Anais Nin was one of those artists that created not attachments to anything or anyone, her writings are deeply personal. In December of 1946, Harper’s Bazaar asked Nin a “short autobiography” to be used in a profile feature, she courteously said no to, the entire letter to the editor of the magazine is included in The Diary of Anais Nin, Vol. 4: 1944-1947, as follows a paragraphs that I believe summarizes how Nin felt about her work and her position as an artist in life :
“My familiar climate is anxiety. I write as I breathe, naturally, flowingly, spontaneously, out of an overflow, not as a substitute for life. I am more interested in human beings than in writing, more interested in lovemaking than in writing, more interested in living than in writing. More interested in becoming a work of art than in creating one. I am more interesting than what I write. I am gifted in relationship above all things. I have no confidence in myself and great confidence in others. I need love more than food. I stumble and make errors, and often want to die. When I look most transparent is probably when I have just come out of the fire. I walk into the fire always, and come out more alive. All of which is not for Harper’s Bazaar.”

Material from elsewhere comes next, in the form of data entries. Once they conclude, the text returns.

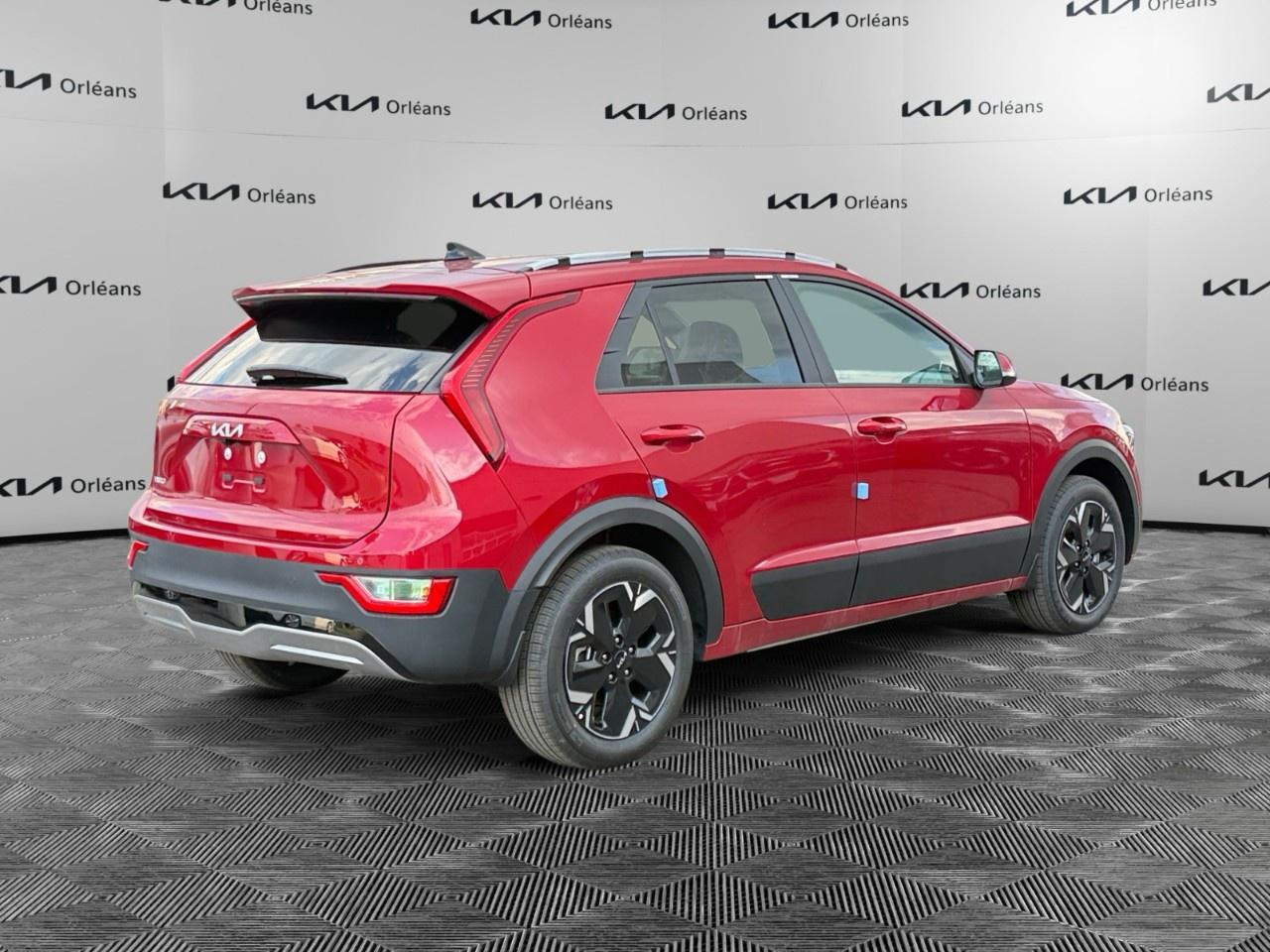 2026 Kia NIRO EV Wind  FWD Photo4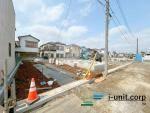 松戸市西馬橋２丁目　新築戸建 外観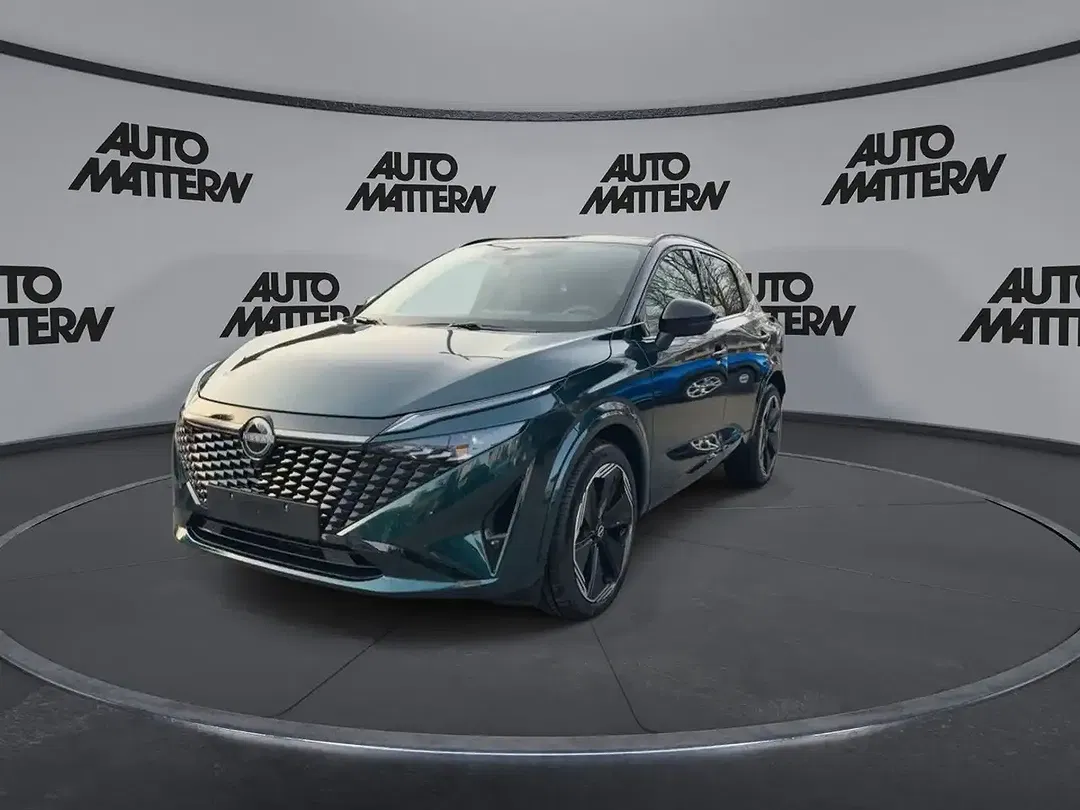 Nissan Qashqai - Thumbnail 3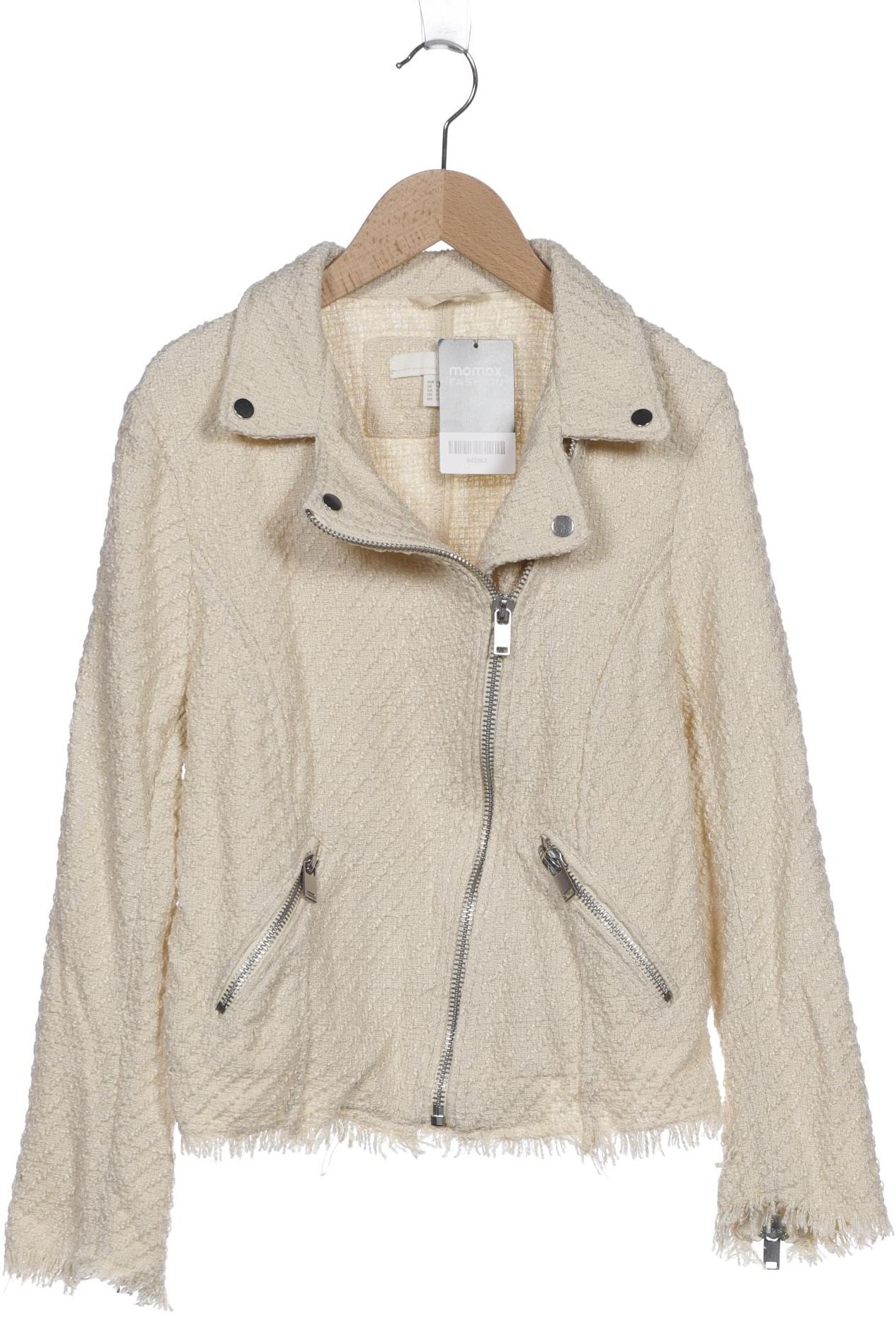 

H&M Damen Jacke, beige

Nowadays the contributions of Anais Nin to literature are generally recognized as huge, however, during her lifetime, her work was a subject controversy and kept so even after Nin’s death. Even though some critics dismissed her concern with her own fulfillment as self-indulgent and narcissistic, they also respected her unique articulation of womanhood, her very emotional style, as well as her psychological insight.
This image is a tribute to Anais Nin.